*** Opening Material provided ***
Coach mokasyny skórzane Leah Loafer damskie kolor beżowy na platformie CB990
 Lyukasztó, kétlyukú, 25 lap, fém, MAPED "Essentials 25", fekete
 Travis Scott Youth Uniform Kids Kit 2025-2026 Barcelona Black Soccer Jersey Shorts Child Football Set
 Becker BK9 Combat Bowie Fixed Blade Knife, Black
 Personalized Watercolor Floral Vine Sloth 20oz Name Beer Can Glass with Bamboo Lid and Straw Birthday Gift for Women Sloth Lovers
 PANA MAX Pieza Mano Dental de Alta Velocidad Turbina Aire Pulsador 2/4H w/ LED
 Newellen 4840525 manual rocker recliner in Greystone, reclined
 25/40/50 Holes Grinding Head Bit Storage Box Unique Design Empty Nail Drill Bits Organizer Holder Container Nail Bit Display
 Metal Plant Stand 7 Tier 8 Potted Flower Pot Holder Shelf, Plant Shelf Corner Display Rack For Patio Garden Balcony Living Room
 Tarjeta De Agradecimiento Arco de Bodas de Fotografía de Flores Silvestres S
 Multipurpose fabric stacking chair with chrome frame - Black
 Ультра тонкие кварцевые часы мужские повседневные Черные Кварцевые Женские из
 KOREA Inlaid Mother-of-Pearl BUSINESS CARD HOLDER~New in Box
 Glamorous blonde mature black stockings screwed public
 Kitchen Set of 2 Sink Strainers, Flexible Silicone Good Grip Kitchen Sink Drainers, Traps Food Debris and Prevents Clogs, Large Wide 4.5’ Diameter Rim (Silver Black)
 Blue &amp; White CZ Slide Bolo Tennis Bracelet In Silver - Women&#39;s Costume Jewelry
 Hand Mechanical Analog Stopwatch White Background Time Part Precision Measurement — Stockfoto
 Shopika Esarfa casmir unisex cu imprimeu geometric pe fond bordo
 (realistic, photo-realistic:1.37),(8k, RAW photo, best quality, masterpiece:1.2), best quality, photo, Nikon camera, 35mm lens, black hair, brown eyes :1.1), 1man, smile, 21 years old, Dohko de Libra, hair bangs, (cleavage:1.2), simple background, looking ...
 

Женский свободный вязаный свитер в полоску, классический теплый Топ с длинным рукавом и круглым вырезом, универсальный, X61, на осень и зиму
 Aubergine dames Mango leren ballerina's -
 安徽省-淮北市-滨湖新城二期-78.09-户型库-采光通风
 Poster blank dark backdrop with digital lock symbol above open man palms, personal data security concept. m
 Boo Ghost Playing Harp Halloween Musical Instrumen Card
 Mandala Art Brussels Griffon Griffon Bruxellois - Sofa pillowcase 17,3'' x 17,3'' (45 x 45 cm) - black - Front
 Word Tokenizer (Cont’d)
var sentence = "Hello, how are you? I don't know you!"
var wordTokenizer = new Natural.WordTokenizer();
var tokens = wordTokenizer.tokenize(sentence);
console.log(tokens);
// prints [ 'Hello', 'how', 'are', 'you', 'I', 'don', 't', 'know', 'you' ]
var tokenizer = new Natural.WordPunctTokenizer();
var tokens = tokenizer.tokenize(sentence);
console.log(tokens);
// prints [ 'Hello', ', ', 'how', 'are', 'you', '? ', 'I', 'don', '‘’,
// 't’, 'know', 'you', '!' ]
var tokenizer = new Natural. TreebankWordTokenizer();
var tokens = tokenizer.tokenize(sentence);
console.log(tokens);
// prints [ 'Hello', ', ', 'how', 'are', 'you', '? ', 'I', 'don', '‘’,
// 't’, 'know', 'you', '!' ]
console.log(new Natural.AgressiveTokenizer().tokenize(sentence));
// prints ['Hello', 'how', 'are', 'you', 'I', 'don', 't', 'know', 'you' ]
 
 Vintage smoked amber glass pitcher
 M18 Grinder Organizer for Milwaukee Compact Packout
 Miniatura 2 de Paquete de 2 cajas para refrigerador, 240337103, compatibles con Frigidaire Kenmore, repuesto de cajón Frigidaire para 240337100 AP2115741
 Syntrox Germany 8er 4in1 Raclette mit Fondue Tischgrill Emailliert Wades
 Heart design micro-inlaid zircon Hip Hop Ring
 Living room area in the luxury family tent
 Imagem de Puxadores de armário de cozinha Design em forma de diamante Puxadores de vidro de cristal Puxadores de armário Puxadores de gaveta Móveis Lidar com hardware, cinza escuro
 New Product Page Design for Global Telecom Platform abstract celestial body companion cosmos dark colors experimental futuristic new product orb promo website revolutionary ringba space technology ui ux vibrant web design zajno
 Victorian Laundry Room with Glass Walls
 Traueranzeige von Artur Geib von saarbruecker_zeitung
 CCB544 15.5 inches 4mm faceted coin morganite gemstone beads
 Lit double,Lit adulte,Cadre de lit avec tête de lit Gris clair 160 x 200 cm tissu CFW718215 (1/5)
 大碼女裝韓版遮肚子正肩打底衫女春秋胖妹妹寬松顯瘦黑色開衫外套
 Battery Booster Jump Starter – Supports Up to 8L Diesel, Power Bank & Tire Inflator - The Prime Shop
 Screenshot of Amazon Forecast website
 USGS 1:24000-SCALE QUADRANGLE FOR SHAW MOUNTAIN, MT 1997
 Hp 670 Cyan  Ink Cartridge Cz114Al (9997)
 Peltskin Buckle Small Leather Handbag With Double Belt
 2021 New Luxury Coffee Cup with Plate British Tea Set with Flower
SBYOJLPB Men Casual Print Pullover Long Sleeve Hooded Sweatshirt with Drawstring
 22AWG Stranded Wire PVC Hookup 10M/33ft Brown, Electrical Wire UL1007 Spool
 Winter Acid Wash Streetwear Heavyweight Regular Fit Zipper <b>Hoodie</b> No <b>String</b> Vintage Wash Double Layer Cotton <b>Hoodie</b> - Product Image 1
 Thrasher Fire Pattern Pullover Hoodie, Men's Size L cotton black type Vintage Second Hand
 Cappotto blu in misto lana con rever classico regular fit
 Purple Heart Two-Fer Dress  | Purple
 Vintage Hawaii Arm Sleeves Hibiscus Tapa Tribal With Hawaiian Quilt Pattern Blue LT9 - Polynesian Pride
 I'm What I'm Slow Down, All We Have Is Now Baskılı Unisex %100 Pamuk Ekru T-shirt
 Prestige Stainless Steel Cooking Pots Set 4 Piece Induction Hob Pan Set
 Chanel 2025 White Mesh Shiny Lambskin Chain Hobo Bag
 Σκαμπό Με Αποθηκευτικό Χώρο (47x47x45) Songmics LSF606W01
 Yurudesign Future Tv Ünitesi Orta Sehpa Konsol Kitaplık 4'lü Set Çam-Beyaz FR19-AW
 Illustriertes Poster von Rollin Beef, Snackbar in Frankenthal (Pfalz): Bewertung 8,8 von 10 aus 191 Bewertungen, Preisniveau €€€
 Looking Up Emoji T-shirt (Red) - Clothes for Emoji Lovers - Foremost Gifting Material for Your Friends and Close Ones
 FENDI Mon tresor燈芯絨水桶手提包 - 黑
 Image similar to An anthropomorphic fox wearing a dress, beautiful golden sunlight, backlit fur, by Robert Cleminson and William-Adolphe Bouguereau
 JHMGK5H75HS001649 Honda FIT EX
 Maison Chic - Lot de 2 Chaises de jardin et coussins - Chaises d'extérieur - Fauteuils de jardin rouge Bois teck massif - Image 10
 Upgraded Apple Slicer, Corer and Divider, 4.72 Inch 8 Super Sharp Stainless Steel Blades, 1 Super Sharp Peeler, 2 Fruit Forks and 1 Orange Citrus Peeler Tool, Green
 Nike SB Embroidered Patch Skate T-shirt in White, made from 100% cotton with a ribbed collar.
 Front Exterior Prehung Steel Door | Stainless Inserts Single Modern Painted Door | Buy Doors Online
*** Closing Material provided ***
**Work item:**
Each line shown above must be repeated exactly.

**Answer:**
Coach mokasyny skórzane Leah Loafer damskie kolor beżowy na platformie CB990
 Lyukasztó, kétlyukú, 25 lap, fém, MAPED "Essentials 25", fekete
 Travis Scott Youth Uniform Kids Kit 2025-2026 Barcelona Black Soccer Jersey Shorts Child Football Set
 Becker BK9 Combat Bowie Fixed Blade Knife, Black
 Personalized Watercolor Floral Vine Sloth 20oz Name Beer Can Glass with Bamboo Lid and Straw Birthday Gift for Women Sloth Lovers
 PANA MAX Pieza Mano Dental de Alta Velocidad Turbina Aire Pulsador 2/4H w/ LED
 Newellen 4840525 manual rocker recliner in Greystone, reclined
 25/40/50 Holes Grinding Head Bit Storage Box Unique Design Empty Nail Drill Bits Organizer Holder Container Nail Bit Display
 Metal Plant Stand 7 Tier 8 Potted Flower Pot Holder Shelf, Plant Shelf Corner Display Rack For Patio Garden Balcony Living Room
 Tarjeta De Agradecimiento Arco de Bodas de Fotografía de Flores Silvestres S
 Multipurpose fabric stacking chair with chrome frame - Black
 Ультра тонкие кварцевые часы мужские повседневные Черные Кварцевые Женские из
 KOREA Inlaid Mother-of-Pearl BUSINESS CARD HOLDER~New in Box
 Glamorous blonde mature black stockings screwed public
 Kitchen Set of 2 Sink Strainers, Flexible Silicone Good Grip Kitchen Sink Drainers, Traps Food Debris and Prevents Clogs, Large Wide 4.5’ Diameter Rim (Silver Black)
 Blue &amp; White CZ Slide Bolo Tennis Bracelet In Silver - Women&#39;s Costume Jewelry
 Hand Mechanical Analog Stopwatch White Background Time Part Precision Measurement — Stockfoto
 Shopika Esarfa casmir unisex cu imprimeu geometric pe fond bordo
 (realistic, photo-realistic:1.37),(8k, RAW photo, best quality, masterpiece:1.2), best quality, photo, Nikon camera, 35mm lens, black hair, brown eyes :1.1), 1man, smile, 21 years old, Dohko de Libra, hair bangs, (cleavage:1.2), simple background, looking ...
 

Женский свободный вязаный свитер в полоску, классический теплый Топ с длинным рукавом и круглым вырезом, универсальный, X61, на осень и зиму
 Aubergine dames Mango leren ballerina's -
 安徽省-淮北市-滨湖新城二期-78.09-户型库-采光通风
 Poster blank dark backdrop with digital lock symbol above open man palms, personal data security concept. m
 Boo Ghost Playing Harp Halloween Musical Instrumen Card
 Mandala Art Brussels Griffon Griffon Bruxellois - Sofa pillowcase 17,3'' x 17,3'' (45 x 45 cm) - black - Front
 Word Tokenizer (Cont’d)
var sentence = "Hello, how are you? I don't know you!"
var wordTokenizer = new Natural.WordTokenizer();
var tokens = wordTokenizer.tokenize(sentence);
console.log(tokens);
// prints [ 'Hello', 'how', 'are', 'you', 'I', 'don', 't', 'know', 'you' ]
var tokenizer = new Natural.WordPunctTokenizer();
var tokens = tokenizer.tokenize(sentence);
console.log(tokens);
// prints [ 'Hello', ', ', 'how', 'are', 'you', '? ', 'I', 'don', '‘’,
// 't’, 'know', 'you', '!' ]
var tokenizer = new Natural. TreebankWordTokenizer();
var tokens = tokenizer.tokenize(sentence);
console.log(tokens);
// prints [ 'Hello', ', ', 'how', 'are', 'you', '? ', 'I', 'don', '‘’,
// 't’, 'know', 'you', '!' ]
console.log(new Natural.AgressiveTokenizer().tokenize(sentence));
// prints ['Hello', 'how', 'are', 'you', 'I', 'don', 't', 'know', 'you' ]
 
 Vintage smoked amber glass pitcher
 M18 Grinder Organizer for Milwaukee Compact Packout
 Miniatura 2 de Paquete de 2 cajas para refrigerador, 240337103, compatibles con Frigidaire Kenmore, repuesto de cajón Frigidaire para 240337100 AP2115741
 Syntrox Germany 8er 4in1 Raclette mit Fondue Tischgrill Emailliert Wades
 Heart design micro-inlaid zircon Hip Hop Ring
 Living room area in the luxury family tent
 Imagem de Puxadores de armário de cozinha Design em forma de diamante Puxadores de vidro de cristal Puxadores de armário Puxadores de gaveta Móveis Lidar com hardware, cinza escuro
 New Product Page Design for Global Telecom Platform abstract celestial body companion cosmos dark colors experimental futuristic new product orb promo website revolutionary ringba space technology ui ux vibrant web design zajno
 Victorian Laundry Room with Glass Walls
 Traueranzeige von Artur Geib von saarbruecker_zeitung
 CCB544 15.5 inches 4mm faceted coin morganite gemstone beads
 Lit double,Lit adulte,Cadre de lit avec tête de lit Gris clair 160 x 200 cm tissu CFW718215 (1/5)
 大碼女裝韓版遮肚子正肩打底衫女春秋胖妹妹寬松顯瘦黑色開衫外套
 Battery Booster Jump Starter – Supports Up to 8L Diesel, Power Bank & Tire Inflator - The Prime Shop
 Screenshot of Amazon Forecast website
 USGS 1:24000-SCALE QUADRANGLE FOR SHAW MOUNTAIN, MT 1997
 Hp 670 Cyan  Ink Cartridge Cz114Al (9997)
 Peltskin Buckle Small Leather Handbag With Double Belt
 2021 New Luxury Coffee Cup with Plate British Tea Set with Flower
SBYOJLPB Men Casual Print Pullover Long Sleeve Hooded Sweatshirt with Drawstring
 22AWG Stranded Wire PVC Hookup 10M/33ft Brown, Electrical Wire UL1007 Spool
 Winter Acid Wash Streetwear Heavyweight Regular Fit Zipper <b>Hoodie</b> No <b>String</b> Vintage Wash Double Layer Cotton <b>Hoodie</b> - Product Image 1
 Thrasher Fire Pattern Pullover Hoodie, Men's Size L cotton black type Vintage Second Hand
 Cappotto blu in misto lana con rever classico regular fit
 Purple Heart Two-Fer Dress  | Purple
 Vintage Hawaii Arm Sleeves Hibiscus Tapa Tribal With Hawaiian Quilt Pattern Blue LT9 - Polynesian Pride
 I'm What I'm Slow Down, All We Have Is Now Baskılı Unisex %100 Pamuk Ekru T-shirt
 Prestige Stainless Steel Cooking Pots Set 4 Piece Induction Hob Pan Set
 Chanel 2025 White Mesh Shiny Lambskin Chain Hobo Bag
 Σκαμπό Με Αποθηκευτικό Χώρο (47x47x45) Songmics LSF606W01
 Yurudesign Future Tv Ünitesi Orta Sehpa Konsol Kitaplık 4'lü Set Çam-Beyaz FR19-AW
 Illustriertes Poster von Rollin Beef, Snackbar in Frankenthal (Pfalz): Bewertung 8,8 von 10 aus 191 Bewertungen, Preisniveau €€€
 Looking Up Emoji T-shirt (Red) - Clothes for Emoji Lovers - Foremost Gifting Material for Your Friends and Close Ones
 FENDI Mon tresor燈芯絨水桶手提包 - 黑
 Image similar to An anthropomorphic fox wearing a dress, beautiful golden sunlight, backlit fur, by Robert Cleminson and William-Adolphe Bouguereau
 JHMGK5H75HS001649 Honda FIT EX
 Maison Chic - Lot de 2 Chaises de jardin et coussins - Chaises d'extérieur - Fauteuils de jardin rouge Bois teck massif - Image 10
 Upgraded Apple Slicer, Corer and Divider, 4.72 Inch 8 Super Sharp Stainless Steel Blades, 1 Super Sharp Peeler, 2 Fruit Forks and 1 Orange Citrus Peeler Tool, Green
 Nike SB Embroidered Patch Skate T-shirt in White, made from 100% cotton with a ribbed collar.
 Front Exterior Prehung Steel Door | Stainless Inserts Single Modern Painted Door | Buy Doors Online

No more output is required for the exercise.